| PROBLEM TO WORK ON |
Pictures are to be left out, and only the lines below starting at the one with "Rare Vintage Porcelain" and ending at the one with "Greyscale Knights Templar" are to be reproduced, each exactly, both ends included.

| EXTRACTED ENTRIES |
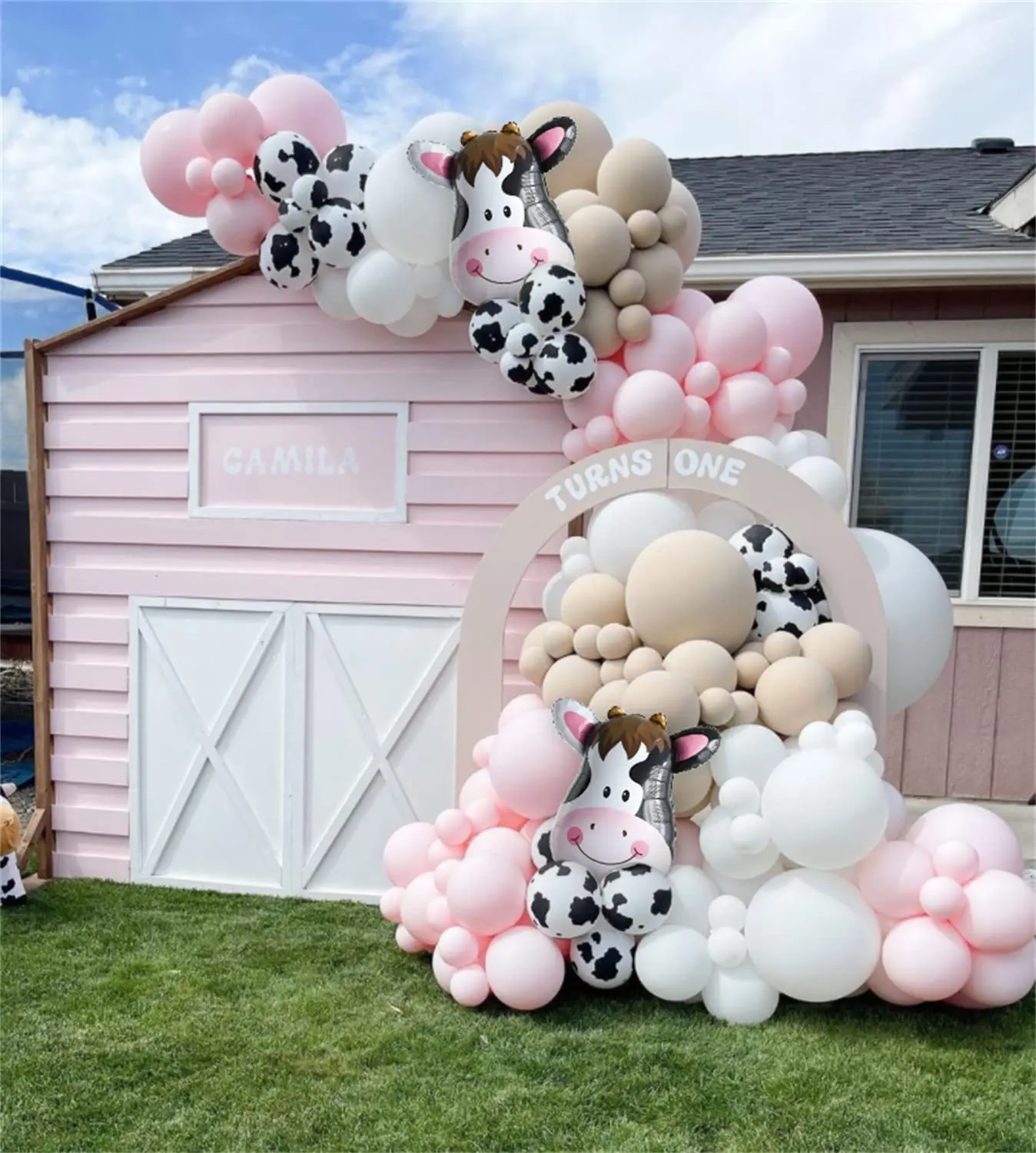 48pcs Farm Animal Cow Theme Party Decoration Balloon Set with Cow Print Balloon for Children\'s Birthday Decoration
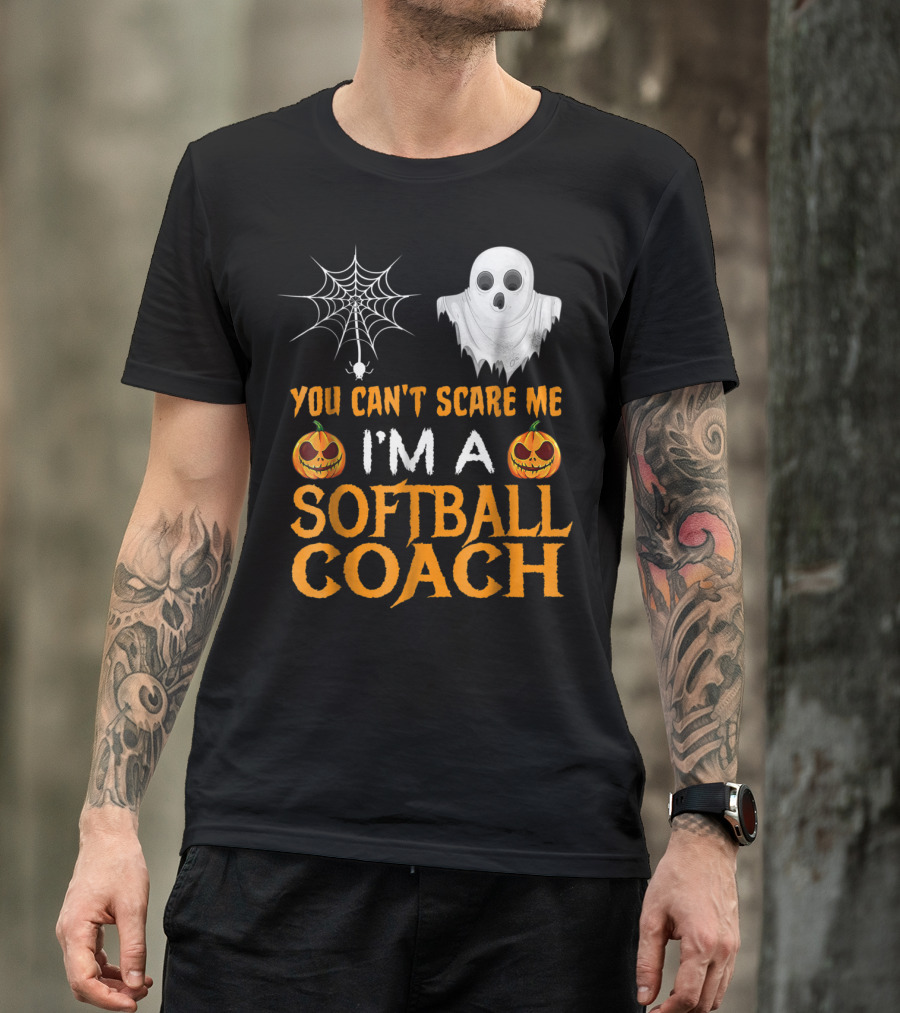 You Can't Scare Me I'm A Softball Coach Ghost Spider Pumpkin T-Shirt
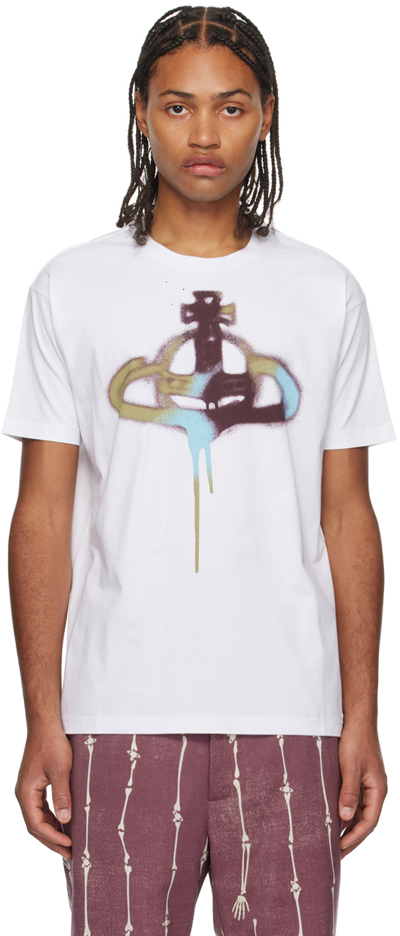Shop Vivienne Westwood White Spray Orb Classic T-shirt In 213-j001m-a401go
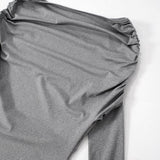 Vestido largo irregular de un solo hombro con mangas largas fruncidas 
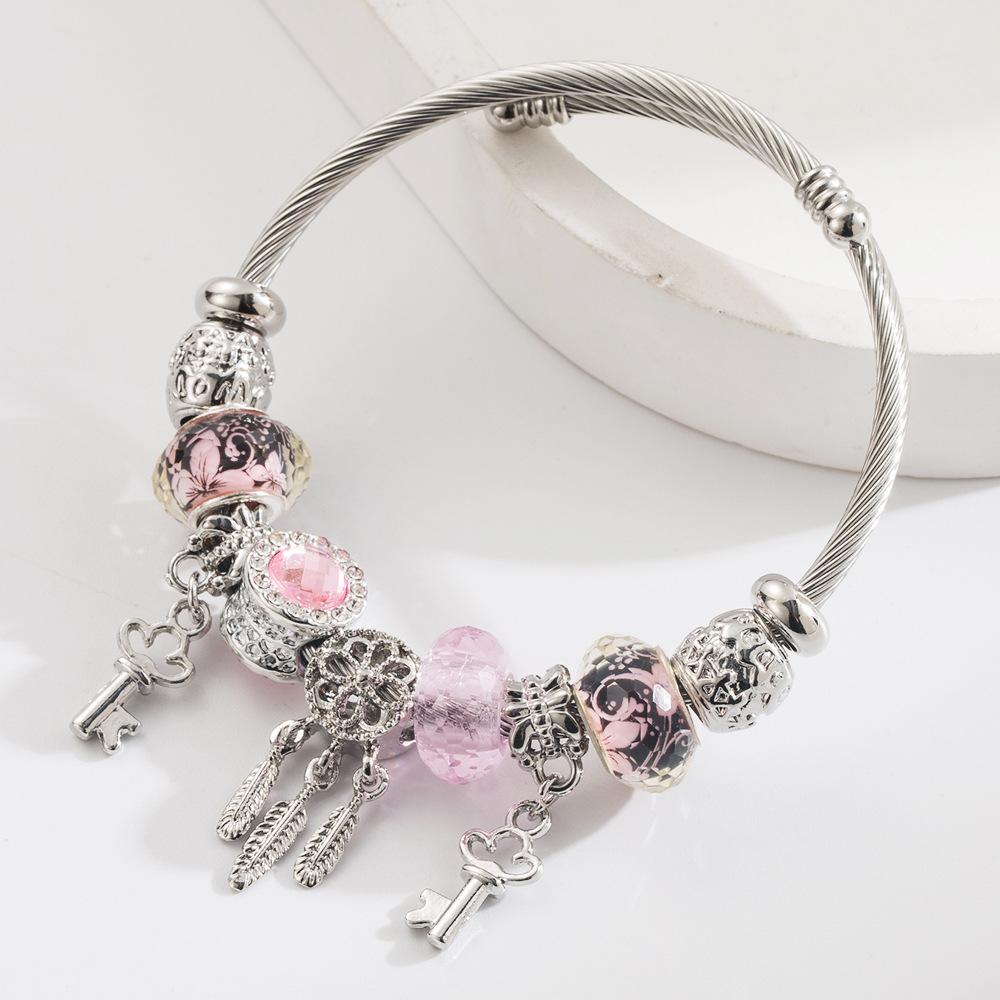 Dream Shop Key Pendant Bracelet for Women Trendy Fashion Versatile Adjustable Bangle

* * *

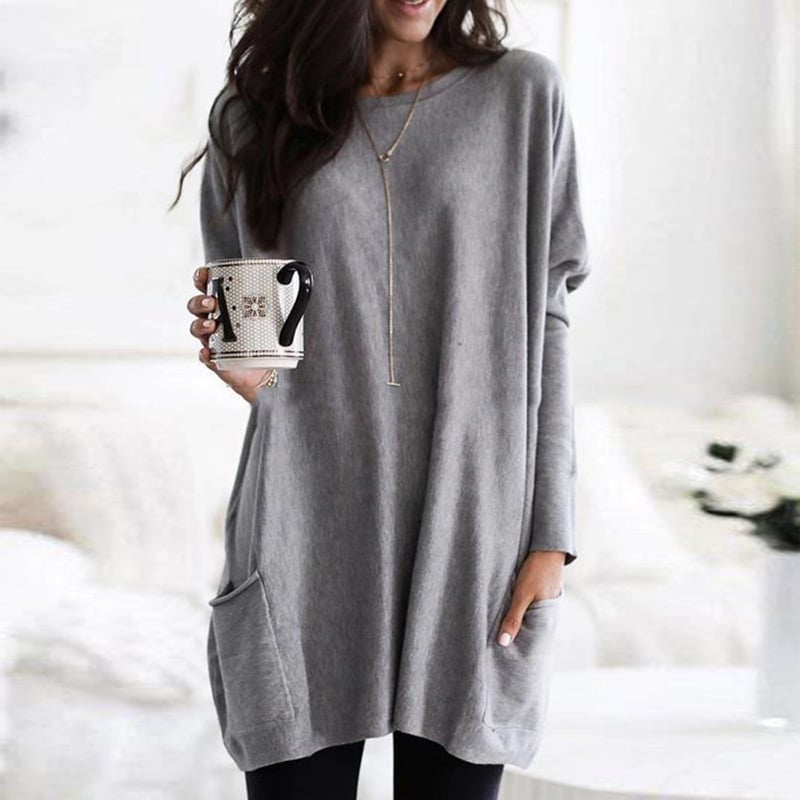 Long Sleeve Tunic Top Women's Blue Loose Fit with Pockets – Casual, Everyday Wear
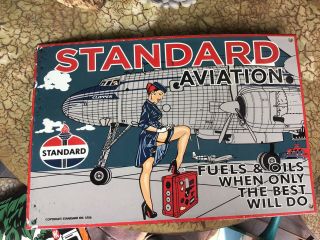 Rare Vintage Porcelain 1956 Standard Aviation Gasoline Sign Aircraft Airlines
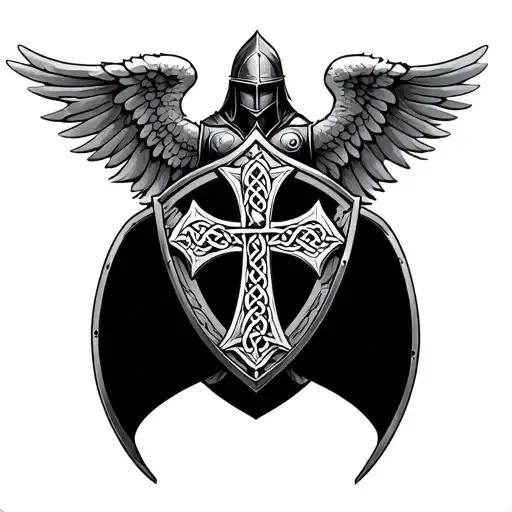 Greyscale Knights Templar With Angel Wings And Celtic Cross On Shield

| SOLUTION BELOW |
 Rare Vintage Porcelain 1956 Standard Aviation Gasoline Sign Aircraft Airlines
 Greyscale Knights Templar With Angel Wings And Celtic Cross On Shield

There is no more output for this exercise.